国会図書館で廃レールのことを調べていたところ、輸入レールについて詳しい記述のある上記の雑誌を発見しました。

工政 (7月號)(92)

[国立国会図書館デジタルコレクション]

雑誌”工政”について

この工政という雑誌ですが、工政会という団体が発行しています。発足は1918年ということです。日本の工業を進歩させるために指導的立場の企業や技術者が参加していた会ということで、その広報誌として雑誌”工政”が発行されていたようです。

レール特集

表題の1927年7月号に”銘記に映ずる軌條商工史”という記事が掲載されています。19世紀末から20世紀初頭にかけて世界的に輸出入されたレールの製造元やその性質から、世界の鉄鋼史の一部を見てみるという趣旨の企画です。

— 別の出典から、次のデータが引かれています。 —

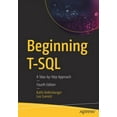thumbnail image 1 of Beginning T-SQL: A Step-By-Step Approach, (Paperback), 1 of 1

執筆者は”麗流学人”という人物で、これはおそらくペンネームだと思います。「レールを学ぶ人」という意味の洒落で名前を決めたのではないかと思います。国会図書館デジタルコレクションの検索機能でも、この記事以外では名前が確認できませんでした。

記事の方は18ページにも及ぶ長いもので、世界に流通した主要なレールの刻印やその製造元、どのようにしていつ、どのくらい日本に輸入されたかが詳しく書いてあります。駅周辺で見つかる廃レールの刻印も、この記事の記述と照らし合わせれば出身地が詳しく分かるかもしれません。

他にも製造国の鉄鋼業事情やレールの成分組成についても触れられており、書いた方は実際どなたなのか分かりませんが、鉄鋼業界や鉄道業界に非常に明るい方なのではないかと思います。

広告ページも面白い

工業系の雑誌なので広告ページは有名な企業の広告が多数入っています。鉄道関係で言うと汽車製造や新潟鐵工所の広告を見つけました。銭高組など現代でも存続している老舗企業の広告もあります。

昔のテイストなのか、広告のキャッチコピーが「外国製に勝る○○」や「革命的製品なる○○」などと直球なのが面白いです。変わったものだと「敢えて専門各位のご批判を乞う」や「[製品名]を使用せられよ」といったものもありました。こういった当時の雰囲気が感じられる情報が見られるのも国会図書館デジタルコレクションの面白いところです。